I wanted to build a chat that could answer questions about a religious knowledge base: 34 books of Christian spiritualist theology and over 6,000 YouTube lecture transcripts. The kind of thing where you ask "what does this tradition teach about the afterlife?" and it pulls the relevant passages from the source texts, cites the chapter and page number, and synthesizes an answer.
Every RAG tutorial I found started the same way: Python, LangChain, Pinecone or Weaviate, OpenAI embeddings. A whole separate stack from the Rails app that would actually serve the chat. I didn't want to run two runtimes, maintain two deployment pipelines, or learn a framework just to glue an LLM to a database query.
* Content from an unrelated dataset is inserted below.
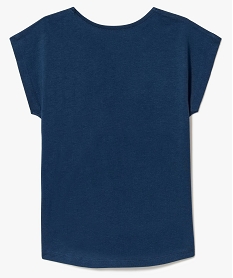 tee-shirt fille avec grand imprime fantaisie glitter bleu8837301_2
So I built the entire pipeline in Rails. The app is called Guia, and the RAG architecture uses four components: pdf-reader for text extraction, Ollama for local embeddings, pgvector for similarity search, and RubyLLM with Groq for chat completions. No Python. No LangChain. No hosted vector database. Deployed on a single server with Kamal.
The data model
The knowledge base has two types of content: books and videos. Both get chunked into embeddable pieces and stored with their vector representations.
# Books → BookChunks (with embedding)
# Videos → VideoChunks (with embedding)
Each chunk stores the text content, positional metadata (page numbers for books, timestamps for videos), and a 1024-dimension vector embedding. The schema looks like this:
create_table "book_chunks" do |t|
t.references :book
t.text :content
t.string :chapter
t.string :section
t.integer :page_start
t.integer :page_end
t.integer :position
t.integer :tokens_count
t.vector :embedding, limit: 1024
end
create_table "video_chunks" do |t|
t.references :video
t.text :content
t.integer :time_start # milliseconds
t.integer :time_end
t.integer :position
t.integer :tokens_count
t.vector :embedding, limit: 1024
end
The vector column type comes from pgvector, PostgreSQL's vector similarity extension. You enable it with enable_extension "vector" in a migration, and you're done. No separate database, no external service. Your vectors live right next to your data.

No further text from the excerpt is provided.